**Finding B in the Quadratic Equation B^2 + 3B - 15 = 0**

To find the value of B in the given quadratic equation B^2 + 3B - 15 = 0, we will use the quadratic formula. The quadratic formula gives the solutions for any quadratic equation in the form ax^2 + bx + c = 0, where a, b, and c are coefficients.

**Quadratic Formula:**

The quadratic formula states that for any quadratic equation ax^2 + bx + c = 0, the solutions for x can be found using the formula:

x = (-b ± √(b^2 - 4ac)) / 2a

In our given equation B^2 + 3B - 15 = 0, we can see that the coefficient of B^2 is 1 (a = 1), the coefficient of B is 3 (b = 3), and the constant term is -15 (c = -15). By substituting these values into the quadratic formula, we can find the solutions for B.

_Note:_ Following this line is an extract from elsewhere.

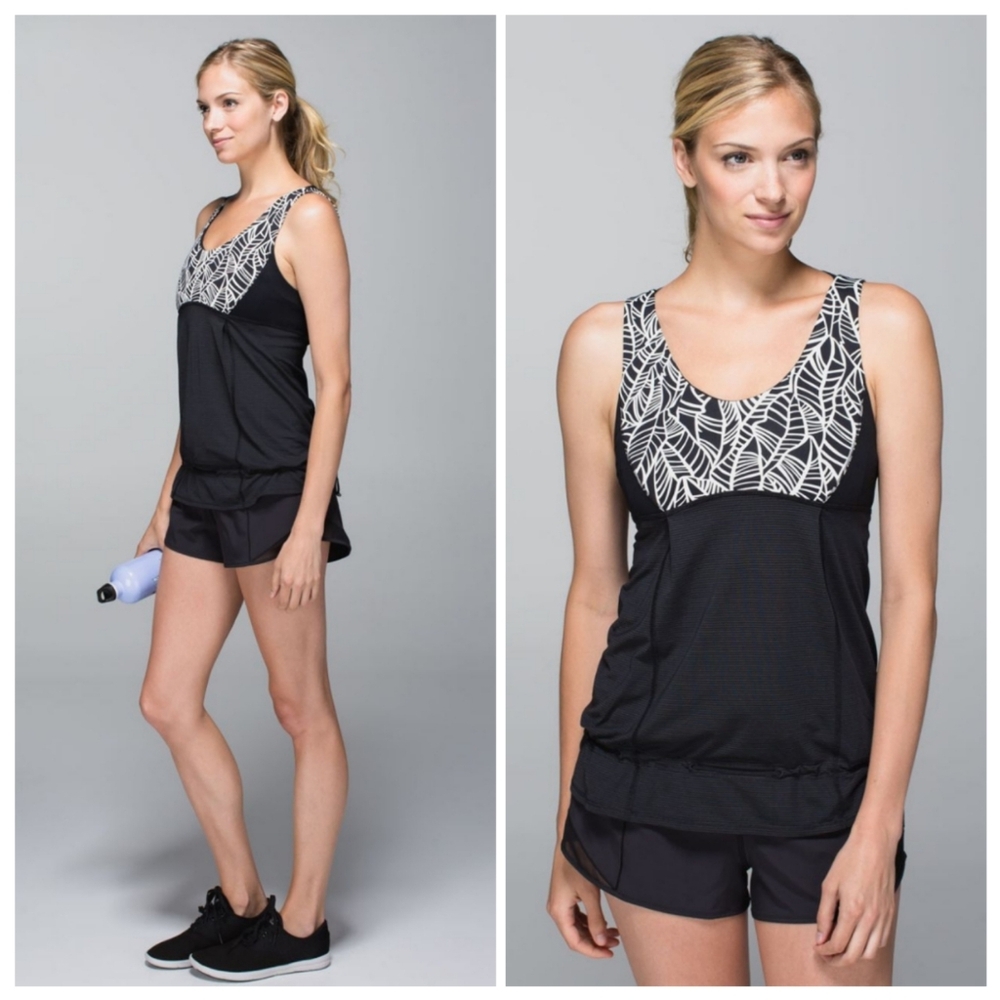 Lululemon Hustle & Bustle Tank Black / Pretty Palm Black Angel Wing Size 8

**Substituting values into the Quadratic Formula:**

Using the quadratic formula, we substitute the values of a, b, and c into the formula to find the solutions for B:

B = (-3 ± √(3^2 - 4 * 1 * -15)) / 2 * 1

Simplifying further:

B = (-3 ± √(9 + 60)) / 2

B = (-3 ± √69) / 2

**Calculating the Solutions:**

Now, we have two possible solutions for B obtained by using the ± symbol in the quadratic formula:

1. B = (-3 + √69) / 2
2. B = (-3 - √69) / 2

These are the two possible values of B that satisfy the given quadratic equation B^2 + 3B - 15 = 0.

**Conclusion:**

In conclusion, by applying the quadratic formula, we found that the values of B that satisfy the equation B^2 + 3B - 15 = 0 are B = (-3 + √69) / 2 and B = (-3 - √69) / 2. These solutions can be further simplified if necessary.